This rippling rendering of Andrew Lloyd Webber's timeless musical epic about a disfigured musical prodigy, who secretly grooms a sidelined opera singer into stardom and then demands his pound of flesh from her, is a flash-reminder of the Schumacher's Batman antecedents.


In case anyone has forgotten, Joel Schumacher directed one of the recent Batman films. And Gerard Butler, the phantom of this opera, is every bit like Tim Burton in Batman.


The masked splendour doesn't take too long to peel off, as one legendary musical number after another flows out of Emmy Rosum's crimson lips in this opulent, but finally unproductive opera.


Rosum's Christine is much too honeyed to be hefty.


She sings like an angel, but we needed her character to be more spirited and spunky to suit the needs and demands of present times.


Schumacher recreates 19th century Paris, its gaiety and glamour, but does not succeed in placing a finger on the pulse of the times. Visually, the scenario looks ripe and correct. But this is no "Moulin Rouge".


Trapped in endless orgies of song dance and merry-making, the do lacks the vitality and free-spirited languor of the beau-monde.


There's something vitally dead about this eagerly awaited adaptation.

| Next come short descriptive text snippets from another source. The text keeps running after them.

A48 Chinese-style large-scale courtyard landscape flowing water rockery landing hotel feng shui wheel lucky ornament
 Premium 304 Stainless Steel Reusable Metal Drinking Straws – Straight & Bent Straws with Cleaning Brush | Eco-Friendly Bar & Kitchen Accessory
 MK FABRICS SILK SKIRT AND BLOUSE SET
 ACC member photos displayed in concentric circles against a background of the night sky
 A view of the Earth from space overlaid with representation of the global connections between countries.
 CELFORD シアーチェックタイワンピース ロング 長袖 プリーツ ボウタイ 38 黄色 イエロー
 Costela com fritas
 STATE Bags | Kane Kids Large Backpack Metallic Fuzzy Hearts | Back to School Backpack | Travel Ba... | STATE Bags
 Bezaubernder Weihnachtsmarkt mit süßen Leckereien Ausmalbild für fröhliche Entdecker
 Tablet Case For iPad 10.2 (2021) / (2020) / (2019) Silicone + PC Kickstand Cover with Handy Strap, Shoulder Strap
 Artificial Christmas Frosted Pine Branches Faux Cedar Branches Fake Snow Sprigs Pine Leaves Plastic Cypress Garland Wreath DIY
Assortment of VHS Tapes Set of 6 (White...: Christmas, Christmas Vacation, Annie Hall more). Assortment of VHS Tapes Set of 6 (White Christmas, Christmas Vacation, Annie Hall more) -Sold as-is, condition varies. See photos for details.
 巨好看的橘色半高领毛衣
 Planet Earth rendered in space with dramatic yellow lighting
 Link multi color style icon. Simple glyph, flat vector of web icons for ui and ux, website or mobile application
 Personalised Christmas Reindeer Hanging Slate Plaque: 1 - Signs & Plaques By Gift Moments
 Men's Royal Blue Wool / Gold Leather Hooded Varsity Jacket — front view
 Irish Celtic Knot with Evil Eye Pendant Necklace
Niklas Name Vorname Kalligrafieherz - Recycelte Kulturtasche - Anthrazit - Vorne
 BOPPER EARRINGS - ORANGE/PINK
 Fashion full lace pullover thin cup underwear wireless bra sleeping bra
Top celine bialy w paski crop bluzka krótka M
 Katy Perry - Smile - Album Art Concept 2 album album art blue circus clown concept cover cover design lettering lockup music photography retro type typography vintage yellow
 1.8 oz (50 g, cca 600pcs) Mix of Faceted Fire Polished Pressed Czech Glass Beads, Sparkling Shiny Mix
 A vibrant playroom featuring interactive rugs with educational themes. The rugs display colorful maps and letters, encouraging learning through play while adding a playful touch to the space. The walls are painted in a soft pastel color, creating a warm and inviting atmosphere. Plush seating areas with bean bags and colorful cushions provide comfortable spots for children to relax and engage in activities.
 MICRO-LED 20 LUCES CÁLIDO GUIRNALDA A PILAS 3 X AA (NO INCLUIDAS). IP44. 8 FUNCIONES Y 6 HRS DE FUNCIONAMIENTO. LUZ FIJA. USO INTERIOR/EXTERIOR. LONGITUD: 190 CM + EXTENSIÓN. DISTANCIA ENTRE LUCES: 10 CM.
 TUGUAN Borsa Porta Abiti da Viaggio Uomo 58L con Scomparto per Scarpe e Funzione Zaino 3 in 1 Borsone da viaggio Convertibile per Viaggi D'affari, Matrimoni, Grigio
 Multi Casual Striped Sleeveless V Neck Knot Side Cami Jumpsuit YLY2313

It isn't as though Rosum doesn't sing Webber with gusto, or that Butler's Phantom is too extravagantly enigmatic to convey the anguish of a man spirituality crushed by his physical deformity.


Even the narrative has everything in place.


But somehow, the gusto and vivacity of the original musical pieces are lost - something like losing the music in pursuit of the rhythm.


Often the musical pieces outrace the drama. While the songs and dances are performed with vibrancy, the spice of life evaporates in pursuit of the right colours and tonal inflexions.


There have been at least five major screen renditions of Webber's play, but none so bland and devoid of sunshine.


The age-old battle between physical ugliness and spiritual beauty is drowned in the din of exaggerated spectacle.


John Mathieson's cinematography, though sumptuous, misses delicacy for the meal. The film is a visual banquet but an emotional and spiritual travesty.